CBO: Increases in SSDI due to aging boomers, not goldbricks

| Jul 27, 2012 | Social Security Disability |

New Jersey readers of this blog might be aware of the recent rancor in Congress and in the news regarding disability benefits. Critics allege that Social Security disability insurance beneficiaries depend too heavily on the government for handouts and that disability benefits are easy to access.

Anyone who has applied for SSDI knows that the process can be incredibly complicated. Certain disorders that result in severe disability or death are on a list that fast-tracks the application process, but for most applicants, proving that a disability meets the Social Security Administration’s criteria, can take years.

Amid the political debate, the Congressional Budget Office released a study recently that debunks the allegations that disability beneficiaries are looking for a handout. The study finds the population receiving the largest increase in SSDI benefits is made up of baby boomers that are getting older.

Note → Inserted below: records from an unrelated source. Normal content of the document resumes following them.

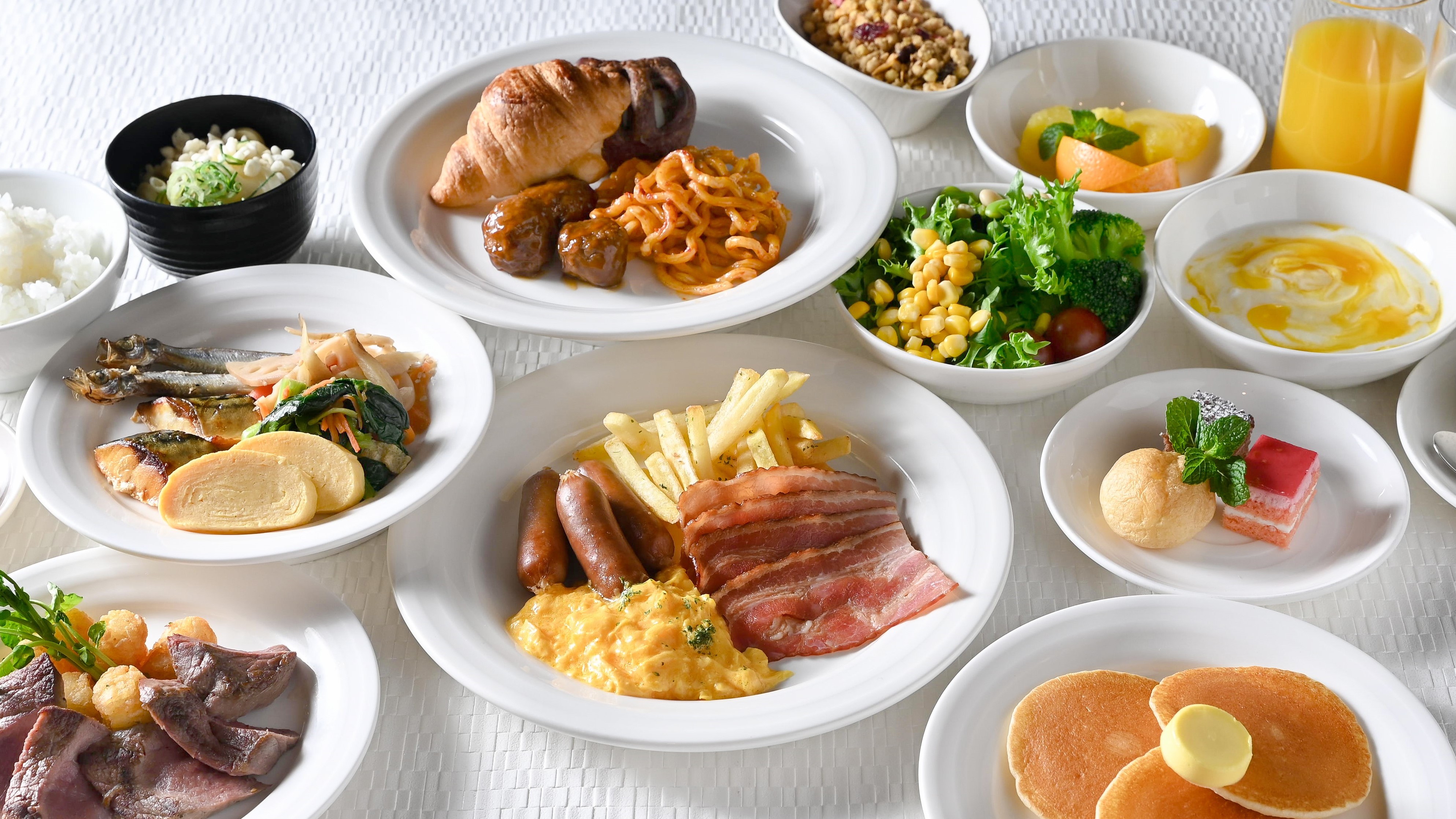 【通常朝食】種類豊富な朝食ブッフェ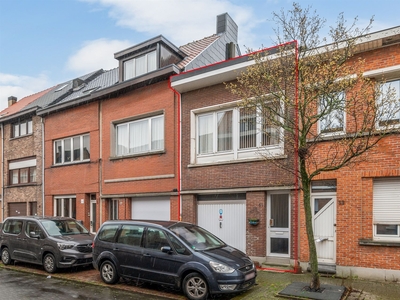 Op te frissen woning met 2 slaapkamers, garage en stadstuin!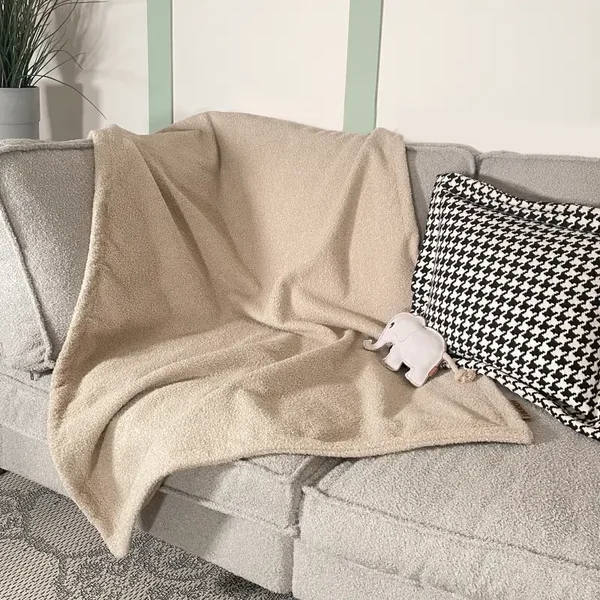 BUDDY. Hundedecke Teddy "LeFluff" aus recycelten Materialien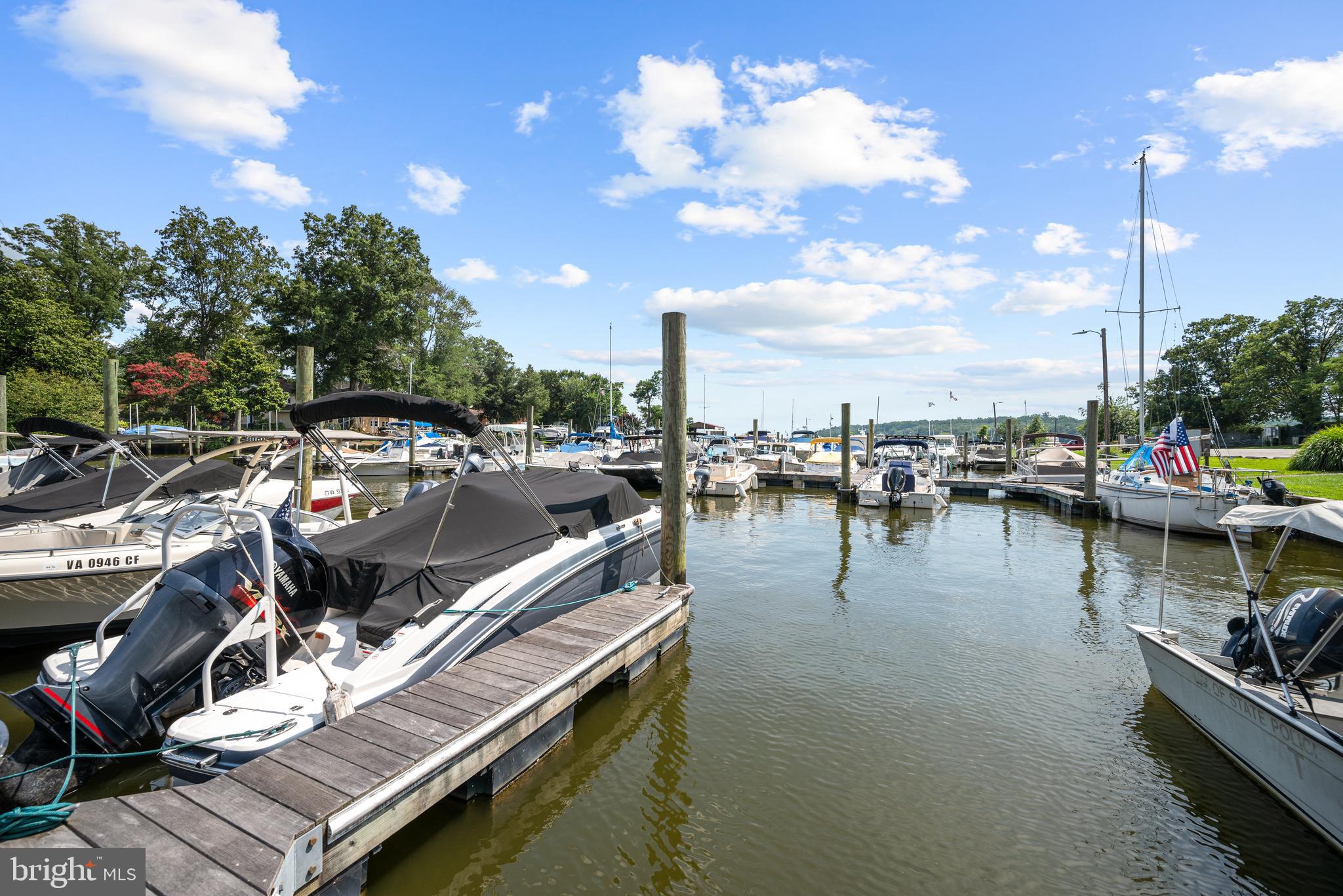 YACHT HAVEN ESTATES - Residential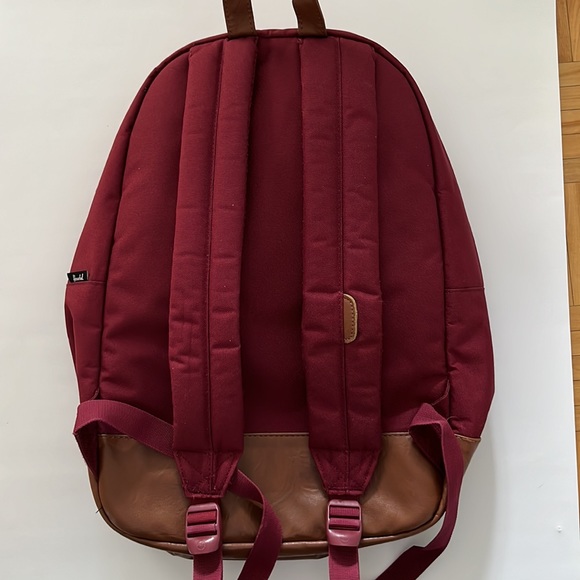 Herschel Backpack - Picture 5 of 9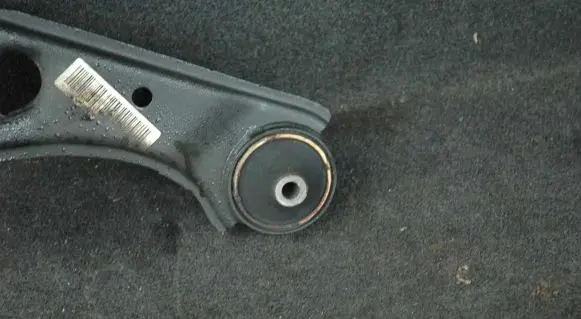 Opel Corsa D Front lower control arm/wishbone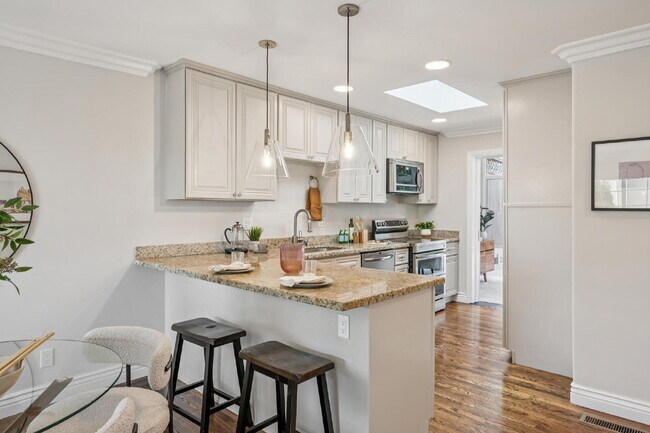 Building Photo - Beautiful 3 Bedroom 2 Bathroom Single Fami...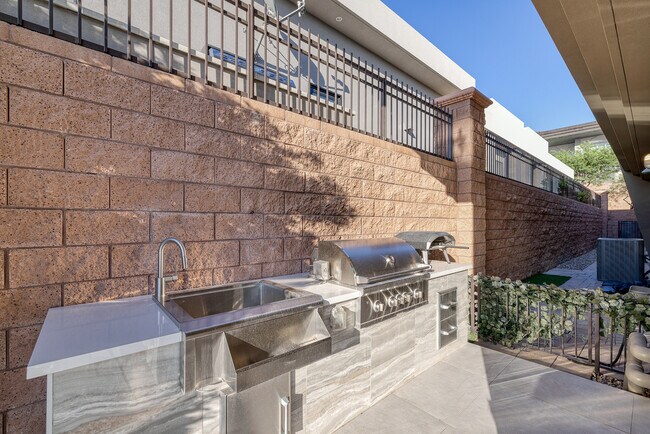 Foto del edificio - 663 Palisade Rim Dr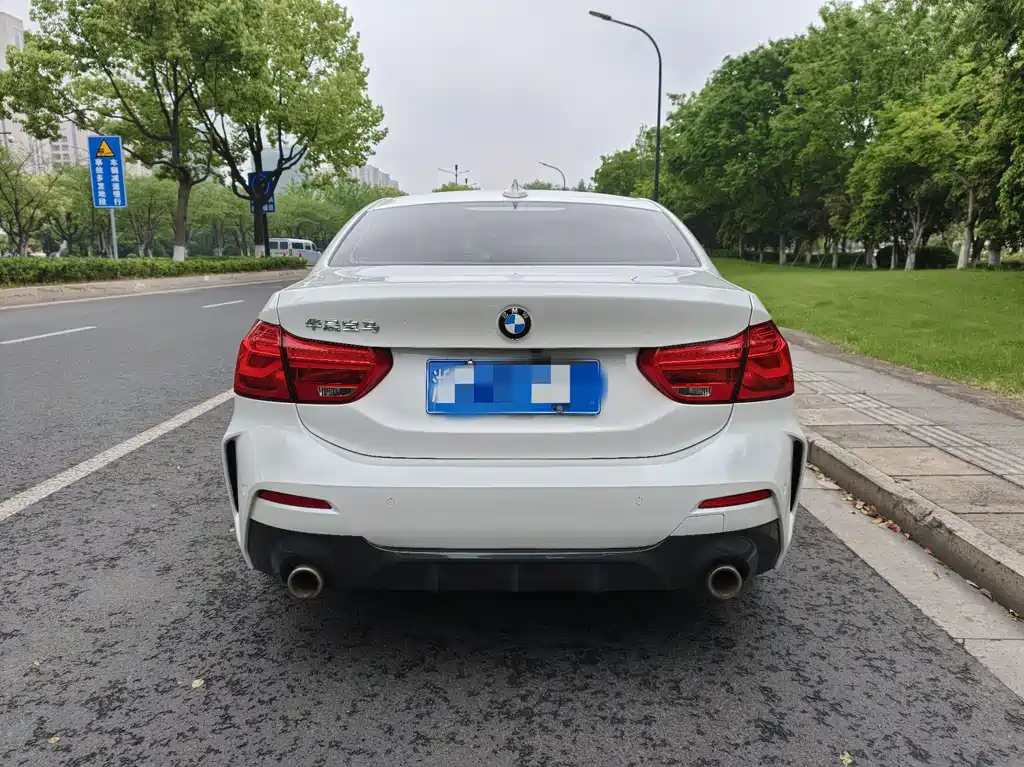 BMW 1 Series 2021 120i M Sport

Between 1996 and 2009, as the baby boomers began to turn 50, the portion of SSDI benefits given to older workers as a whole jumped from 67 to 76 percent.

Younger workers accessed SSDI less during the same period, with the portion of benefits awarded to people between 25 and 44 years old actually decreasing from 31 percent to 22 percent.

The report found that even if nothing else had changed, aging baby boomers would have increased the SSDI rolls. But things did change creating other significant factors that contributed to the increase in SSDI enrollment. Readers of this blog may recall a discussion in February regarding the effect of the recession on disability benefits. Fewer jobs for everyone mean fewer jobs for disabled individuals as well. The CBO study determined that people who would qualify for disability insurance sometimes choose to work when jobs are easy to find.

Another factor cited by the CBO is the fact that women have entered the workforce in increasing numbers in the last four decades, which means that there is now a much larger population of working people who potentially might develop a disability.

The CBO study acknowledges the complexity of covering disability in the United States and provides options that lawmakers could consider to address the looming shortfall in SSDI funding. They include such moves as cutting benefits or raising taxes.